A Cultural History of Mathematics in the Nineteenth Century (2025) summarised Mehrtens' approach to modernism: "At the close of the nineteenth century ... the recasting of mathematics into an autonomous self-defining discourse had become pervasive, and this led to an epistemic breach that separated those who resisted from those who welcomed it. Herbert Mehrtens retrospectively made this the very cornerstone of his interpretation of mathematical modernism. "The new language of mathematics does not need to be ascertained by an external reality, because it ascertains itself through its own constant work". ... Whereas the "moderns", championed by David Hilbert, proclaimed logical consistency was the bedrock of mathematical truth, the "counter-moderns", including Felix Klein, Henri Poincaré and L. E. J. Brouwer, sought to anchor mathematical knowledge in intuition and the pre-linguistic activity of the mind."

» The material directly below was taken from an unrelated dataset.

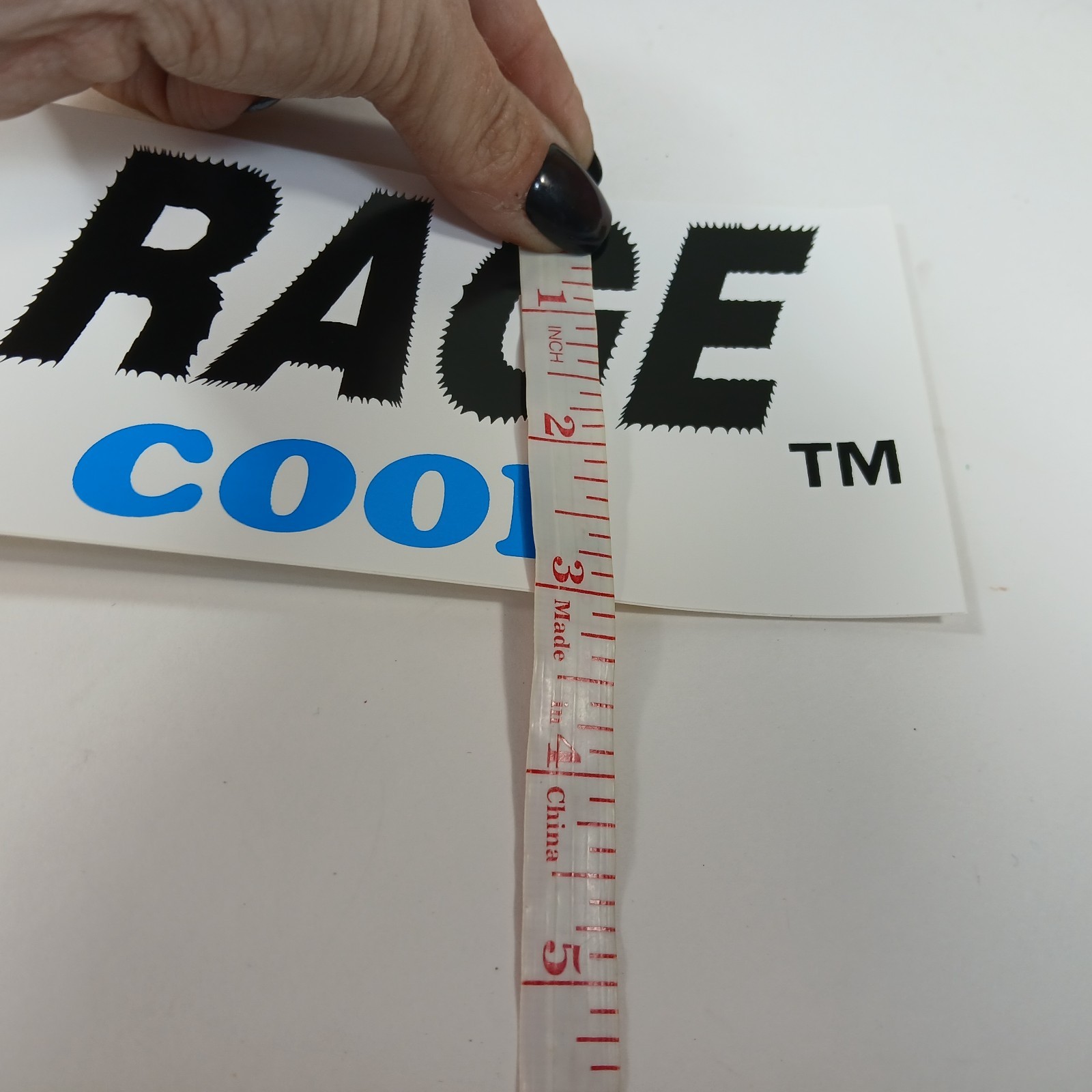 Vintage Bumber Sticker “Stop Road Rage Stay Cool” Vinyl car decal Lot Of 2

Reviewers described the book as "provocative", "daring ... a book that has been received with a mixture of enthusiasm and criticism", "remarkable and demanding" ... "[an] immensely rich work" ... "a major contribution to the history of modern science", "somewhat unstructured, even inchoate, [and] also highly ambitious and original ... This is history of mathematics that matters for historians and humanists, and indeed for anyone interested in the (post)modern intellectual scene.", "a very ambitious historical reconstruction", "a history of a long running debate within the mathematical community over the foundations of its science: should mathematics be "modern" or "counter-modern," should it be constructed from a finite number of assumptions and axioms, or be "intuitive?" and "a bold attempt to understand the debates over the foundations of mathematics in the early twentieth century in terms of a power struggle over the rules of mathematical discourse within the (mostly German) mathematical community."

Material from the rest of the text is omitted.